Ever since White Arrows released its Fireworks of the Sea EP this spring, the quintet’s full-length debut has been on my radar. The L.A.-based five-piece created its own brand of electro pop, incorporating calypso and tropical beats with soaring synthesizers and catchy lyrics, and its unique sound hooked me instantly.
With all this anticipation built up, I was ecstatic to give the album, entitled Dry Land Is Not A Myth, a first listen. I went on a walk and gave it a spin. Sadly, I was a little disappointed. The LP included the three tracks from the EP (“Coming Or Going,” “Fireworks Of The Sea,” and “Get Gone,”), and because I had heard (and loved) these tunes so much, the record’s seven other tracks fell short.

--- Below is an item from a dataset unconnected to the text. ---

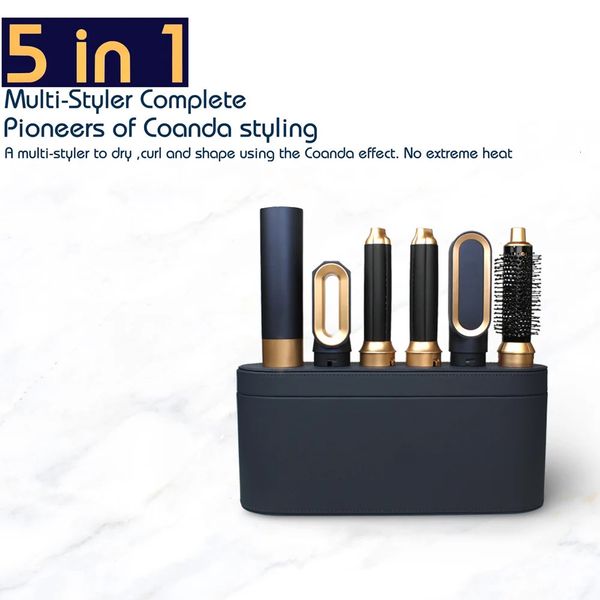 

5 in 1 Electric Iron Dryers Curg Rollers Hair Curler With Dryer And Straightening Brush 240520, Silver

But that was just on first listen. The more I played the album, the more it grew on me. The textures and brightness White Arrows conveys are incredible. The electro-pop outfit’s music is meant to be heard outside. It’s colorful and sunny, making its June release ideal.
But even though White Arrows creates kaleidoscope-like soundscapes, its singer, Mickey Church, was born without sight, seeing the world as an impressionistic smear. His vision was corrected at age 11, but that didn’t stop Church’s imagination from running wild. The young musician now possesses the gift of translating this surreal view of the world into music.
The album’s true vibrancy shines on tracks like “Golden.” The tune begins with minimal percussion and chirping keys that make you want to sit in the sand, clutching a strong mai tai. The intro only lasts a few measures, before a rolling drumbeat introduces Church’s hazy vocals. With heavy reverb, he sings, “I want to go see the night, and you want to skip into the light, but it’s golden under the moon,” while guitar, bass, and synthesizers join the mix.
And though the majority of Dry Land Is Not A Myth consists of sparkling psychotropical tracks, a few songs showcase White Arrows’ grittier garage rock sound. Namely, “Settle Down.” Contrasted to “Golden,” this song is more brash and rigid. Church begins the track with vocals and a staccato guitar riff. The instrumentation is minimalistic, keeping the focus on guitar, bass, drums and vocals, only calling to the keyboard during the chorus.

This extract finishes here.